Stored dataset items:
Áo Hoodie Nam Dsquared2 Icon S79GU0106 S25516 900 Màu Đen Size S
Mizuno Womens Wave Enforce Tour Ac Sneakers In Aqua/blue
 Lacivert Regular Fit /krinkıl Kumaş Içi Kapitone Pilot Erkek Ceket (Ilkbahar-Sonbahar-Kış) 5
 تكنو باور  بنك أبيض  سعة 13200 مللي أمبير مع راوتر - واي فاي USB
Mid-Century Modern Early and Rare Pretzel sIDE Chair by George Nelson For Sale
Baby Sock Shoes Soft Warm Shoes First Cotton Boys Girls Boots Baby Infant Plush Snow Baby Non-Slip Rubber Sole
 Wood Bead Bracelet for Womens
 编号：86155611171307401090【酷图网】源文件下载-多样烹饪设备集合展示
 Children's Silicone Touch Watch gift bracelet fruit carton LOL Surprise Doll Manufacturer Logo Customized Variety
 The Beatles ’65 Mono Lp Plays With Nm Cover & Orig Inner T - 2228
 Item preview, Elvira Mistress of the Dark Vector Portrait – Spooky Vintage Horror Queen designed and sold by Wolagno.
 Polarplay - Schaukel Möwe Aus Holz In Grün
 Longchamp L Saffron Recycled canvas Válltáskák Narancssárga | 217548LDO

### EXERCISE PROMPT:
Set down the preceding data verbatim. Every line belongs in the copy.

### TASK RESULT:
Áo Hoodie Nam Dsquared2 Icon S79GU0106 S25516 900 Màu Đen Size S
Mizuno Womens Wave Enforce Tour Ac Sneakers In Aqua/blue
 Lacivert Regular Fit /krinkıl Kumaş Içi Kapitone Pilot Erkek Ceket (Ilkbahar-Sonbahar-Kış) 5
 تكنو باور  بنك أبيض  سعة 13200 مللي أمبير مع راوتر - واي فاي USB
Mid-Century Modern Early and Rare Pretzel sIDE Chair by George Nelson For Sale
Baby Sock Shoes Soft Warm Shoes First Cotton Boys Girls Boots Baby Infant Plush Snow Baby Non-Slip Rubber Sole
 Wood Bead Bracelet for Womens
 编号：86155611171307401090【酷图网】源文件下载-多样烹饪设备集合展示
 Children's Silicone Touch Watch gift bracelet fruit carton LOL Surprise Doll Manufacturer Logo Customized Variety
 The Beatles ’65 Mono Lp Plays With Nm Cover & Orig Inner T - 2228
 Item preview, Elvira Mistress of the Dark Vector Portrait – Spooky Vintage Horror Queen designed and sold by Wolagno.
 Polarplay - Schaukel Möwe Aus Holz In Grün
 Longchamp L Saffron Recycled canvas Válltáskák Narancssárga | 217548LDO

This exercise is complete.